While approval of the bill is a welcome move to avert the Aug. 1 date when federal transportation funding to the states would see an average cut of 28 percent, the House’s action is just the latest in a long series of short-term measures that have done little to alleviate a long-term problem.
The House bill is expected to be put to a vote this week in the U.S. Senate, where Democrats complain about the House’s decision to put off a broader, long-term transportation bill until the next Congress meets.
Congress has had to repeatedly approve stop-gap fixes to keep the Highway Trust Fund solvent for many years because revenue from the federal 18.4-cent-a-gallon gasoline and 24.4-cent-a-gallon diesel tax hasn’t kept pace with increases in transportation construction, maintenance and other costs since they were last raised in 1993.
A rare bipartisan Senate bill, sponsored by U.S. Sens. Bob Corker, R-Tenn., and Chris Murphy, D-Conn., proposes a 12-cent increase in the federal gas tax to be phased in over two years after which the tax will be indexed to inflation.
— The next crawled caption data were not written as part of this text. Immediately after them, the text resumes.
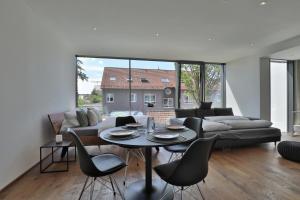 een woonkamer met een tafel en een bank bij Moderne Studio-Wohnung in Gersthofen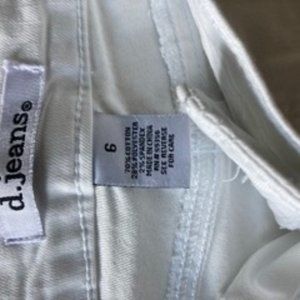 White, D Jeans, crop pants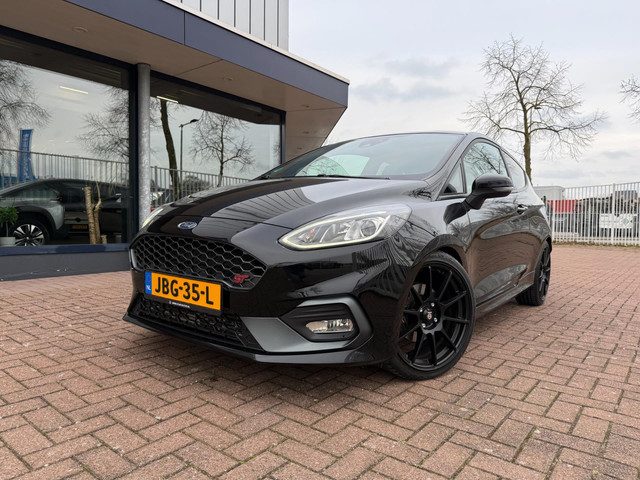 Ford Fiesta 1.5 ST 200PK | RECARO | CARPLAY | Cruise | B&O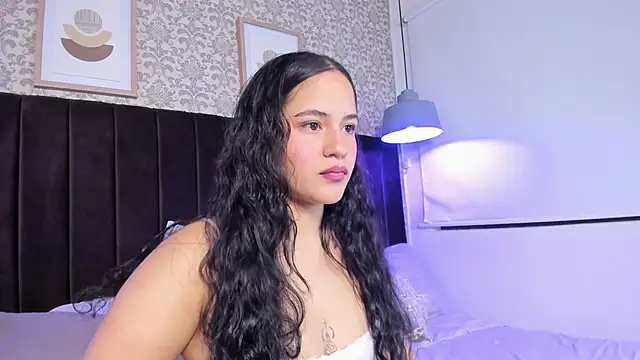 SaraToro online show from June 27, 12:22 pm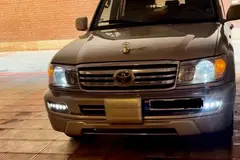 تویوتا، لندکروز چهار در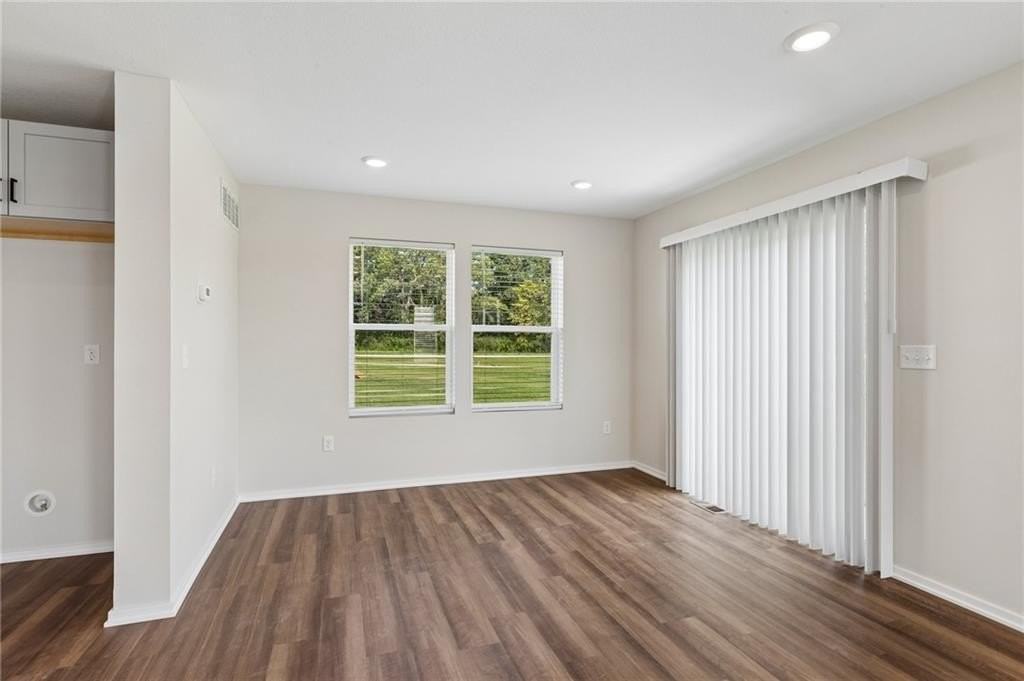 1433 Vantage Point Dr - Photo 6 of 30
But members of Congress from both parties have shown little appetite for raising taxes of any kind – especially in an election year – and like similar previous proposals, the Corker-Murphy bill is expected to go nowhere.
And House Republicans, mindful of the very good chance their party has to take control of the Senate in this year’s elections, have no desire to forge a bipartisan solution to the ongoing funding problems that plague the Highway Trust Fund with their Democratic colleagues in the Senate.
And so the problem will once again have to be faced later down the road.